Hizo ademán de ayudarme a levantarme.
—No —dije—. Puedo yo sola. El chico no es amigo mío.
—Mejor para ti.
—Ignóralo.
—Hago lo que puedo. ¿No quieres que le…?
—¡No!
Mi voz se volvió más brusca de lo necesario. Lo que suele sucederme. Lo que me sucede casi siempre, a decir verdad.
—¡Vale, vale! ¡Tranquila! Dios mío, solo quería…
—Tampoco me hace falta ninguna cama —dije incorporándome—. Prefiero quedarme aquí sentada.
—¿Toda la noche? ¿Pretendes pasarte toda la noche sentada en esta silla? ¿Aquí?
—¿Para cuándo se espera la ayuda de fuera?
Geir Rugholmen enderezó la espalda. Puso los brazos en jarras y bajó la mirada apuntándome con la nariz. La típica mirada de los que están de pie, de los erguidos, de los que funcionan bien.
En realidad no me parece tan mal estar impedida. Deseo ser inmóvil, así es como he elegido vivir. La silla de ruedas no me impide hacer casi nada a diario. Puedo pasar semanas sin salir de mi casa. Los problemas surgen cuando me obligan a salir. La gente quiere ayudarme a toda costa. Levantar, empujar, llevar.
Por esa razón elegí el tren. He de admitir que ir en avión me resulta una pesadilla. Con el tren todo es más sencillo. Menos roces. Menos manos desconocidas. Al fin y al cabo el tren ofrece cierto grado de autonomía.

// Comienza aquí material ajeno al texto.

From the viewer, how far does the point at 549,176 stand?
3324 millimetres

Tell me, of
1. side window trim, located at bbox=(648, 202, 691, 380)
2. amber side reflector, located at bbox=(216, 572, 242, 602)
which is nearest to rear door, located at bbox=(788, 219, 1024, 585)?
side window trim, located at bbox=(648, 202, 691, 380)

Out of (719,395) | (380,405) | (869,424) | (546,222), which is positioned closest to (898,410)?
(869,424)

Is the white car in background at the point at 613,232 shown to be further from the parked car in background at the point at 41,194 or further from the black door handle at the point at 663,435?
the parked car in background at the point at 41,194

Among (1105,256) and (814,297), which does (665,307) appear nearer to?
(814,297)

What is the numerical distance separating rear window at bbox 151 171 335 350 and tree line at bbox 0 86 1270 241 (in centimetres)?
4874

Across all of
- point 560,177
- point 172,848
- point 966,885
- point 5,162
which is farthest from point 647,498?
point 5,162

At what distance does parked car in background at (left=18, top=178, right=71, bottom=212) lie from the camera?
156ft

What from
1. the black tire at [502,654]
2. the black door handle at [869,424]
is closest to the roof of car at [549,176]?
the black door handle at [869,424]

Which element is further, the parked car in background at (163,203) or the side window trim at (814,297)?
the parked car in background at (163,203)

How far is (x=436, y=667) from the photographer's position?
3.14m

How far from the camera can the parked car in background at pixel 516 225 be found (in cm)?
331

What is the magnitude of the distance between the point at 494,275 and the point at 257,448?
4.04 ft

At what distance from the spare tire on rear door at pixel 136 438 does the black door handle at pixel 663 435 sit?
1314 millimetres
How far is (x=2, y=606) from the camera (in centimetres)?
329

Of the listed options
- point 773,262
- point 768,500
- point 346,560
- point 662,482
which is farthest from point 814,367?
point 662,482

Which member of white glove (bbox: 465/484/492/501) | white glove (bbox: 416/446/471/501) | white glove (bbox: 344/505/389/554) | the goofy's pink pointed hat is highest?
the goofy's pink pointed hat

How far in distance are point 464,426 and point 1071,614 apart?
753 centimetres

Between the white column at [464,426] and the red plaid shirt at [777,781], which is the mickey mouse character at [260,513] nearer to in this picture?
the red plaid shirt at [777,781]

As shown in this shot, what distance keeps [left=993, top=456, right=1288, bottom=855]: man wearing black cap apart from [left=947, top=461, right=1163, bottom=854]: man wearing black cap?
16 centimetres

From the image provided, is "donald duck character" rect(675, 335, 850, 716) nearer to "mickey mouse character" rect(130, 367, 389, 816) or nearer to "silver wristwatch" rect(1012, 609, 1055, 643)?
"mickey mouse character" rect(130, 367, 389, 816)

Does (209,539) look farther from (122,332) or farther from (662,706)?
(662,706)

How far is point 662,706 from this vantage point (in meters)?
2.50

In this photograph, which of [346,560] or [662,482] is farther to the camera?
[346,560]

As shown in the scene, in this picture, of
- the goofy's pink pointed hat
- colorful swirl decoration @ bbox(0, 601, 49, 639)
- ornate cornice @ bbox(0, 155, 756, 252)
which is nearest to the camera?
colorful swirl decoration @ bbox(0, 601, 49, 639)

Excepto cuando descarrila y choca.
No soporto esas miradas de los sanos y ágiles, esas miradas de arriba abajo. Razón por la que tampoco quería encontrarme con la mirada de ese hombre. Opté por cerrar los ojos e hice como si me acomodara para dormir.
—Creo que no entiendes del todo la situación —dijo Geir Rugholmen.

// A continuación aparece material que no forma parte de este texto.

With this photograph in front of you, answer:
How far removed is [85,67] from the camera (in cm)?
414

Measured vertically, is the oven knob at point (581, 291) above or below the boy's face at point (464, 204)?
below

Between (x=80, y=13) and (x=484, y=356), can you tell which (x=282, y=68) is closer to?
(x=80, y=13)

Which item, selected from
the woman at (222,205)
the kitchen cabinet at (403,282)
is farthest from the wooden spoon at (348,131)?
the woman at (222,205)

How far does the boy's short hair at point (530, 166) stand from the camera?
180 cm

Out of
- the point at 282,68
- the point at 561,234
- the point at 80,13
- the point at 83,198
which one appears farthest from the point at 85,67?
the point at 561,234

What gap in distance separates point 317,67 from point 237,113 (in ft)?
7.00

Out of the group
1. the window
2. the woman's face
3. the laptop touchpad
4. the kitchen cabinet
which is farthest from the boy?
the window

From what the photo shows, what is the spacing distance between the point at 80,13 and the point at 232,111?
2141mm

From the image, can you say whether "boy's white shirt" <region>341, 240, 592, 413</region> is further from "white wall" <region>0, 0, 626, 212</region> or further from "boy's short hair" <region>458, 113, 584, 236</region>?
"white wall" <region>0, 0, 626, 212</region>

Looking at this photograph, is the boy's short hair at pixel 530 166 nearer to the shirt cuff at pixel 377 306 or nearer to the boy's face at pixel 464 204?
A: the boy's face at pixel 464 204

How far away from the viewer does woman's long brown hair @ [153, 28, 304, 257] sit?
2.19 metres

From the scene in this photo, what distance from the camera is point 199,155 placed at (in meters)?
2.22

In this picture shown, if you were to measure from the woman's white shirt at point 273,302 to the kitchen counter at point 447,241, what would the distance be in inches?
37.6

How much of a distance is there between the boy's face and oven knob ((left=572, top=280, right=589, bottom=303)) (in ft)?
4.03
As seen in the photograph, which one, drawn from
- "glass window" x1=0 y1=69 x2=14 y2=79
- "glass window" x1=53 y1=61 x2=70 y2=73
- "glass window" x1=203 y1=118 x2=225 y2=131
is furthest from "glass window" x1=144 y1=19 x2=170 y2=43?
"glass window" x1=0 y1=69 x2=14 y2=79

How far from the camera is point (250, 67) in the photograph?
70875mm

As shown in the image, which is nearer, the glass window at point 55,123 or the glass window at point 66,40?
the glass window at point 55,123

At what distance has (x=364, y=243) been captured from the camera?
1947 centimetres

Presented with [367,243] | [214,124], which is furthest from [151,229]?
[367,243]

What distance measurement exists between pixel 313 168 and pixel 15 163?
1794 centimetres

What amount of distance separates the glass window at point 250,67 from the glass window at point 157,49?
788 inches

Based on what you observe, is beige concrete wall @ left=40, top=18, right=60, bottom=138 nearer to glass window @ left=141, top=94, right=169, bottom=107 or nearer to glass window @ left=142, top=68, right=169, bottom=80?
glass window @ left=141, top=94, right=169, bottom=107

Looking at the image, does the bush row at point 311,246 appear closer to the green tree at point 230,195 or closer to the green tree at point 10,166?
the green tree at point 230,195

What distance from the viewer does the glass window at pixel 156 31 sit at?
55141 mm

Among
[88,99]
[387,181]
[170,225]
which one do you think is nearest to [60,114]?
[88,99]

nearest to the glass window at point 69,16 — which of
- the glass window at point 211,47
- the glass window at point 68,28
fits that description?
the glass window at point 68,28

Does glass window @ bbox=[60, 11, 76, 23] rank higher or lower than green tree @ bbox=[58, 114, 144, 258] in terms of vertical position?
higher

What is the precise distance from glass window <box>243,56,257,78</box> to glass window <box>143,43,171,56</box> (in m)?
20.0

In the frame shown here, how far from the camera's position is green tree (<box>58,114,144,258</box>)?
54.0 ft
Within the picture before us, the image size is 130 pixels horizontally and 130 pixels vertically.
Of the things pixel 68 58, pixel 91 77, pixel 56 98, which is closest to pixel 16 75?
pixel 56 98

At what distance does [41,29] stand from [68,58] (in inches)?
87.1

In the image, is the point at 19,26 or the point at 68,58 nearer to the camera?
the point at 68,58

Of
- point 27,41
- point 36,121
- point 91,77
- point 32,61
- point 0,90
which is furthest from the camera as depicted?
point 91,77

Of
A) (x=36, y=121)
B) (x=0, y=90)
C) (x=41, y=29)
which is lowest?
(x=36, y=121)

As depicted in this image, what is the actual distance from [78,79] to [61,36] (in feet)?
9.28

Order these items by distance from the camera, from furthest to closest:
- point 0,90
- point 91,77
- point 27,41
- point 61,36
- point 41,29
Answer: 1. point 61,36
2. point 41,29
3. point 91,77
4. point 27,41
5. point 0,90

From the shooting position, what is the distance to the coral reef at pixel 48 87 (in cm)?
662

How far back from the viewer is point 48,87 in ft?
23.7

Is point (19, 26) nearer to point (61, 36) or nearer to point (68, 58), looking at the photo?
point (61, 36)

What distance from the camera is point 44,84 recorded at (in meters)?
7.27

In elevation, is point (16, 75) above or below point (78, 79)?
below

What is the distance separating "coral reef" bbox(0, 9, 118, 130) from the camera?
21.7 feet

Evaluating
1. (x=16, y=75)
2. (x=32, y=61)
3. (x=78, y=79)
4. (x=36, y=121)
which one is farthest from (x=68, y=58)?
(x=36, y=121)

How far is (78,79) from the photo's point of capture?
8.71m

—Estamos aislados y atrapados por las condiciones meteorológicas.
—Pues sí, más bien. Estamos muy jodidos, aislados y atrapados. En este momento el temporal tiene ráfagas huracanadas. ¡Huracanes en Finse! En realidad no es muy corriente, pues estamos al abrigo de…
—Lo único que me interesa es: ¿cuándo vendrán a sacarnos de aquí?

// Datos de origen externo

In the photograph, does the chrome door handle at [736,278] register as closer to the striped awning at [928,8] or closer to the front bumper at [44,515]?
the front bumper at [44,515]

Se hizo el silencio. Y sin embargo podía sentir que el hombre continuaba estando allí. El olor a humo y lana vieja seguía siendo igual de fuerte.
—Te he hecho una pregunta —dije en voz baja y con los ojos cerrados—. No pasa nada si no sabes contestarme. Voy a dormir un poco.
—Eres como un avestruz.
—¿Cómo?
—Crees que nadie te ve si cierras los ojos.
—El avestruz esconde la cabeza, si no me equivoco. Pero creo que solo es un mito.
Dejé escapar un largo bostezo, todavía con los ojos cerrados.
—Que nadie diga que no lo he intentado —dijo Geir Rugholmen disgustado—. Si quieres seguir aquí sentada en plan borde… vete a la mierda.
Las botas de esquí patearon el suelo y desaparecieron.
Este tipo de cosas se me dan muy bien.
Puede que me quedara dormida un momento.